▶ [Exercise aim]:
Leave out all pictures while you copy the lines exactly from the one with "女神是一只废喵了精选，合集上品，猫咪说这都是她的灵感来源。" through the last line of the listing.

▶ [Working data]:
--- START ---

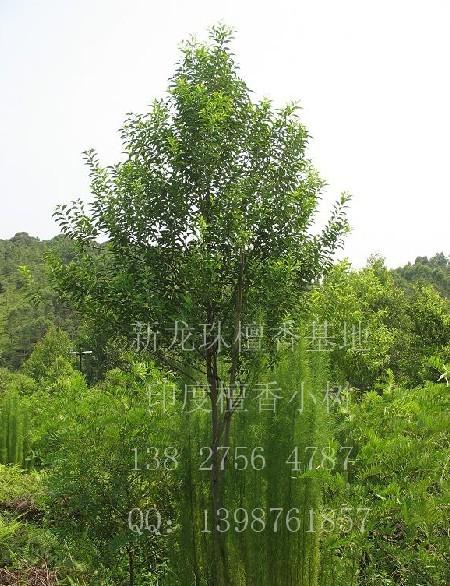 云南檀香樹(shù)報(bào)價(jià)，云南檀香樹(shù)批發(fā)，檀香樹(shù)種植基地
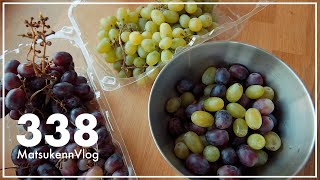 【コストコ】新商品のコットンキャンディグレープがやたら美味しい｜レッドシードレスグレープと食べ比べ【VLOG#338】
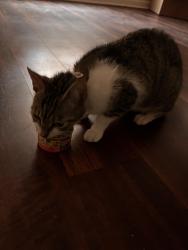 Found/Stray Female Cat last seen Bakers construction & TriCities Flea market, Bluff City, TN 37618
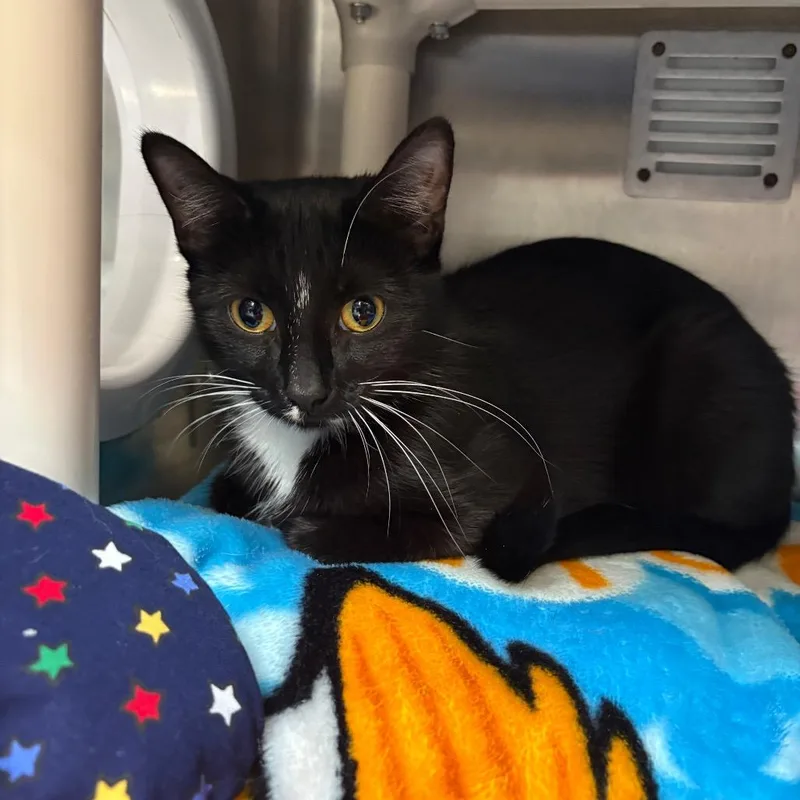 An adult medium-sized female Black Domestic Short Hair cat named Felicity for adoption in Mentor, OH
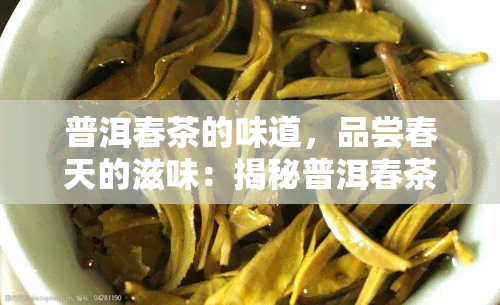 普洱春茶的味道，品尝春天的滋味：揭秘普洱春茶的独特口感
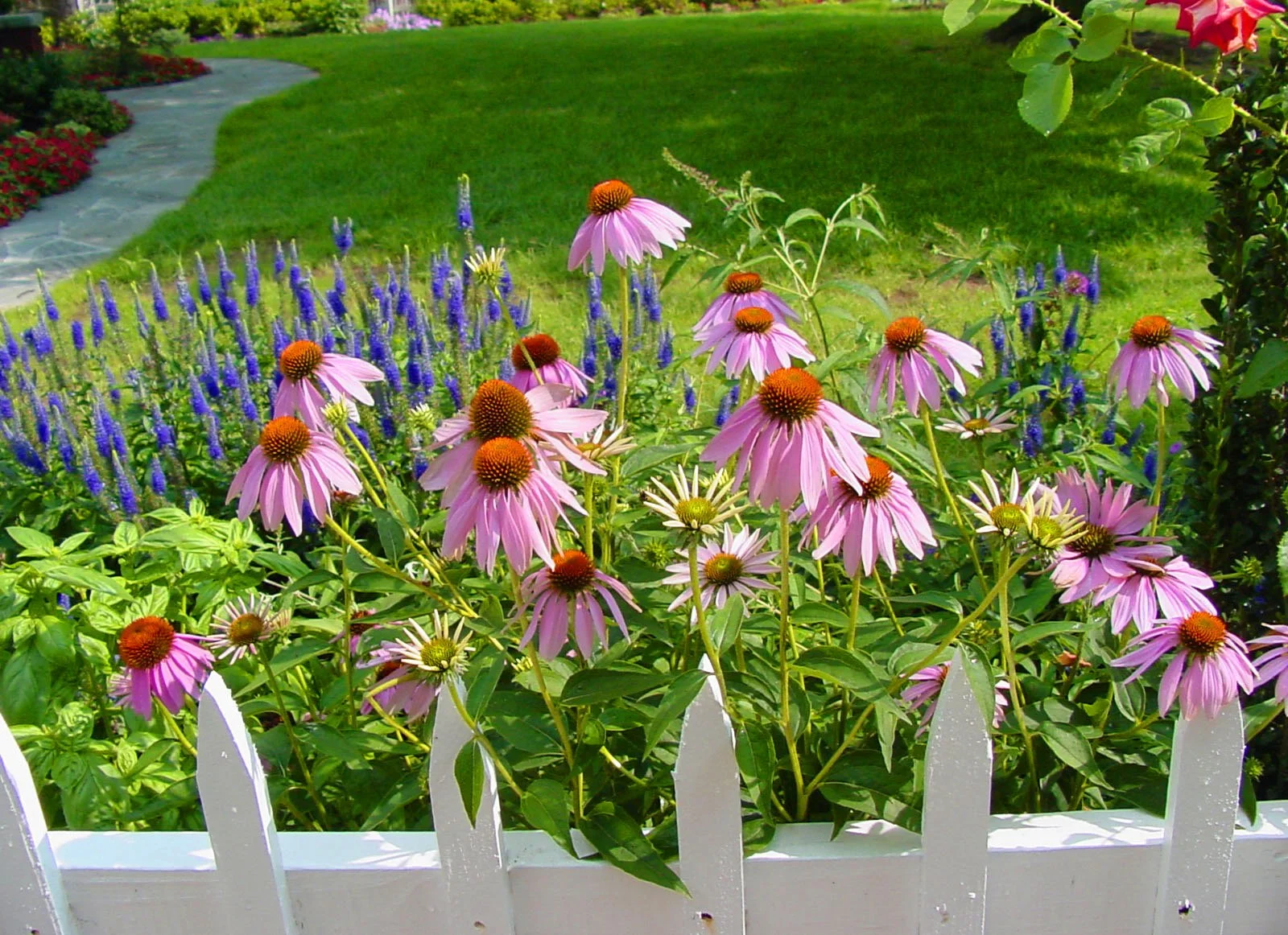 Full Sun Garden Tulsa OK – Flower Beds & Landscape Planting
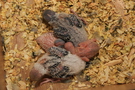 121226 --- Gruppbild av R9, R10, R11 och R12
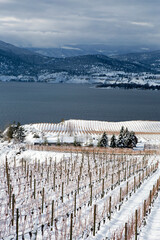 Winter Snow Winery Vineyard Landscape Okanagan Valley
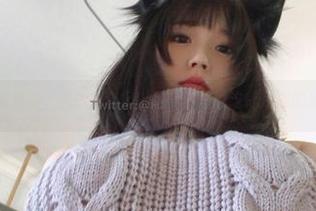 女神是一只废喵了精选，合集上品，猫咪说这都是她的灵感来源。
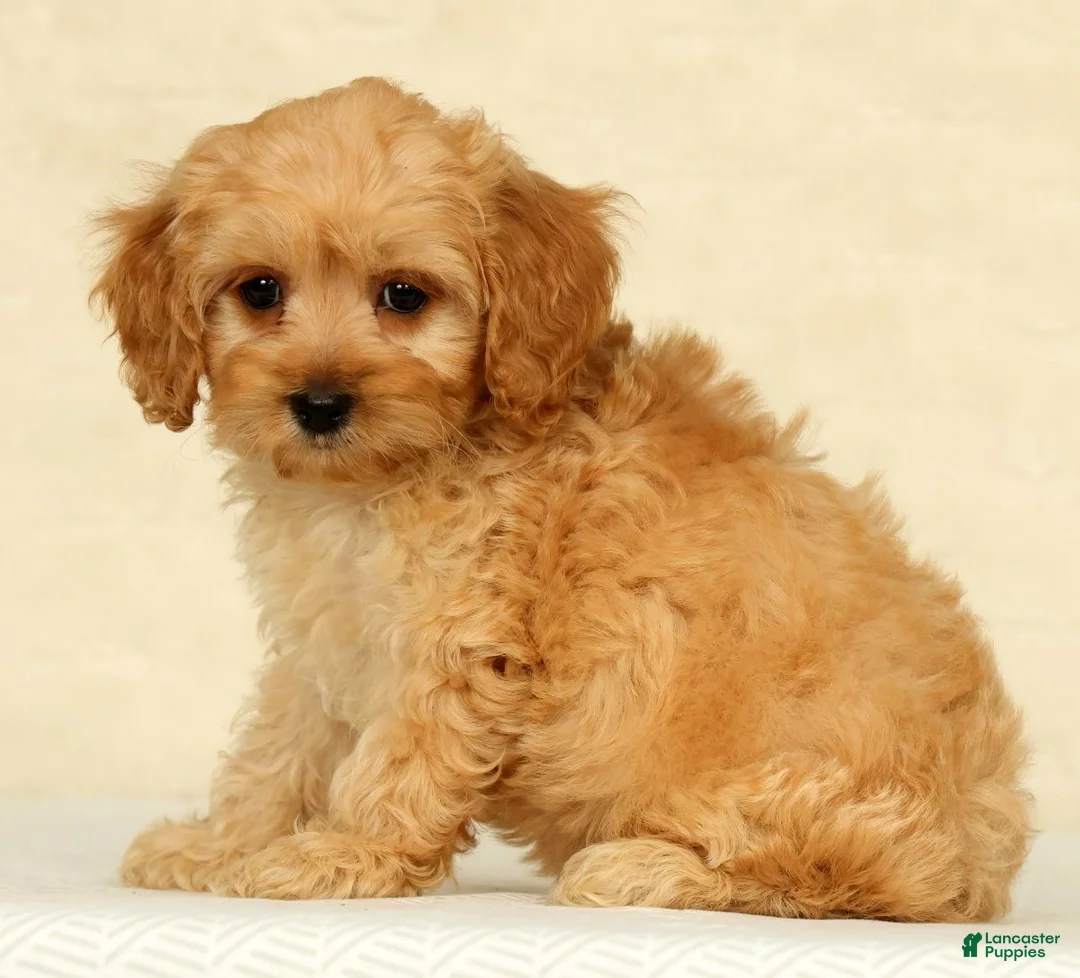 Cockapoo dogs for sale: Pumpkin - Ad 2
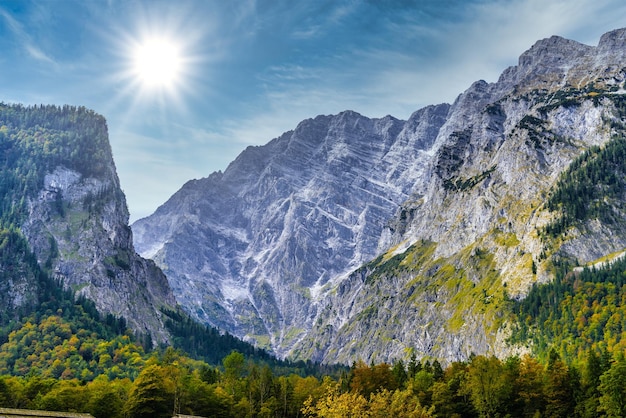 Alpen Berge mit Wald bedeckt Königssee Königssee Nationalpark Berchtesgaden Bayern Deutschland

--- END ---

▶ [Output]:
 女神是一只废喵了精选，合集上品，猫咪说这都是她的灵感来源。
 Cockapoo dogs for sale: Pumpkin - Ad 2
 Alpen Berge mit Wald bedeckt Königssee Königssee Nationalpark Berchtesgaden Bayern Deutschland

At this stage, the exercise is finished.